Seventy-seven-year-old Norm Sharkey roller-skates 50 kilometres along the Stanley Park seawall every weekday morning. Sharkey started the Wheels 4 Freedom fundraiser April 28 and plans to skate the length of a cross-country journey.
Norm Sharkey
Norm Sharkey rollerblades 50 km each day. Photo Dan Toulgoet

Seventy-seven-year-old Norm Sharkey roller-skates 50 kilometres along the Stanley Park seawall every weekday morning.

Sharkey started the Wheels 4 Freedom fundraiser April 28 and plans to skate the length of a cross-country journey. He is raising money to fund another journey, the return of a communal house for recovering addicts to Vancouver.

A former addict and now 43 years sober, Sharkey is the founder and program director of the Our House West Coast Society, a non-profit that helps recovering addicts through communal living. The program was based in a house on Union Street but was sold as it required expensive repairs.

The residents were relocated to a house in Surrey June 2013.

Sharkey joined the military in his early adult life and drank his way through a UN peacekeeping tour in the Middle East and the Congo. He was released with an honourable discharge and ended up at unique facility near Montreal that helped him recover. Residents with a desire to get clean lived in a house beside a working farm. He started Our House in Ottawa in the ’70s, the city’s first drug recovery program.

“People I’ve met living on the street have not really had the best of family lives,” said Sharkey, “so that’s the big thing we tried to pattern the house after.”

Sharkey visited Vancouver in 2004 and has stayed on the West Coast since.

“Once I dropped my rollerblades and got on the seawall, I said I got to move here,” said Sharkey.

He decided the city had a need for the program after speaking to some individuals on the West End who said they would consider getting clean if they had a place to live.

Weekday sessions at Our House run as long or as short as residents need to talk. Addicts who relapse or use are not asked to leave the program as it is understood that getting clean isn’t something that happens overnight. There is no minimum or maximum time required for stay and Our House tries to make room for new individuals when able.

The Surrey location has 10 individuals living together.

Sharkey says the program is no different than Vancouver’s, but he wants to be near individuals in need. “We want to get back to where we started off, talking to people wrapped up in blankets on the streets.”

Samantha Andrews, public relations spokesperson and former resident of Our House, hopes they will be able to maintain two sites for different purposes.

“Surrey is away from the temptation, away from Main and Hastings,” said Andrews. “Vancouver is where there are more jobs and schools, more resources for them to tap into.”

John Hills lived in the very first Our House after a friend of Sharkey’s found him on Davie. He said the program saved his life thanks to the open sharing. He has been clean for 6 years.
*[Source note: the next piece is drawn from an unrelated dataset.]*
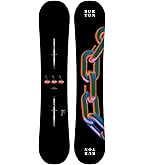 Amazon.com : Burton Men's Ripcord Rocker Snowboard, 145cm : Sports
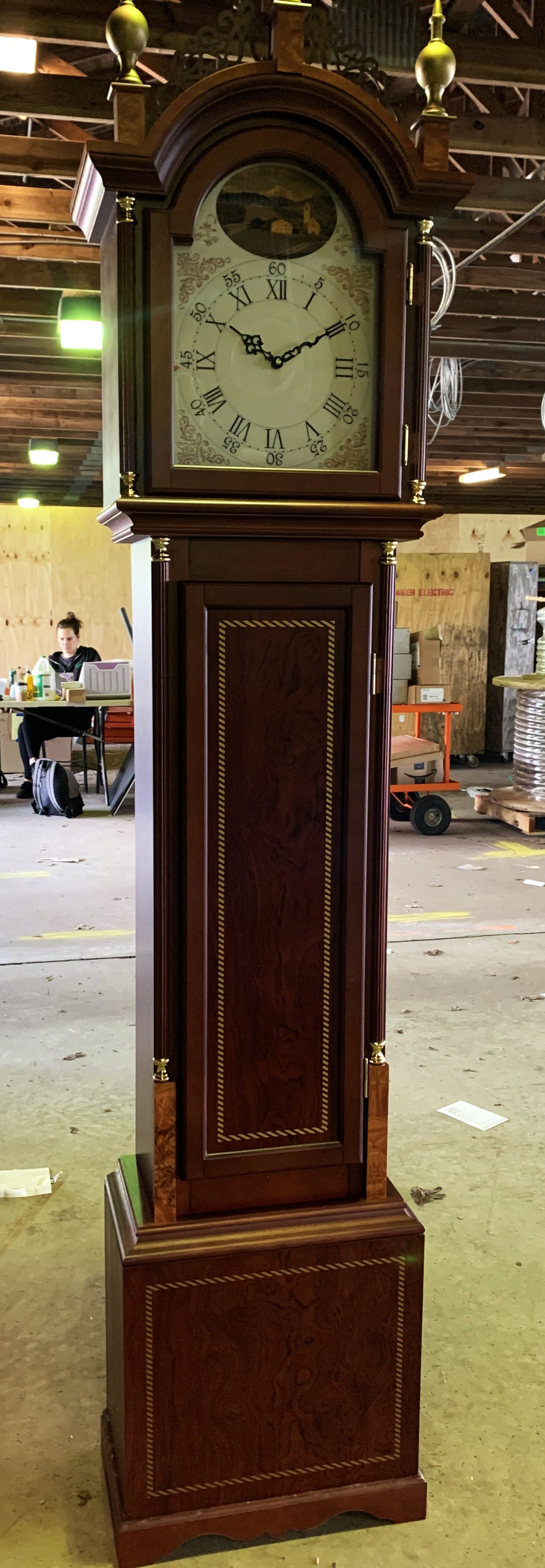 Base Grandfather Clock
“I’ve been to other recoveries and never heard anything except the word ‘problems’ and ‘I have issues,” said Hills. “I was taking that stuff [my past] to the grave but the talking kept me from getting high.”

He hopes the return to Vancouver will allow Our House residents to continue outreach opportunities.

“I’m not a counselor or nothing but I share my story with new people,” said Hills. “It’s my way of giving back. Wandering around what I call the jungle, East Hastings, that’s where I feel comfortable and willing to talk.”

The Annual Our House Roll-a-Thon runs July 19 at Second Beach at 10 a.m. for interested bikers and skaters and those who wish to get acquainted with Our House. A barbecue will follow.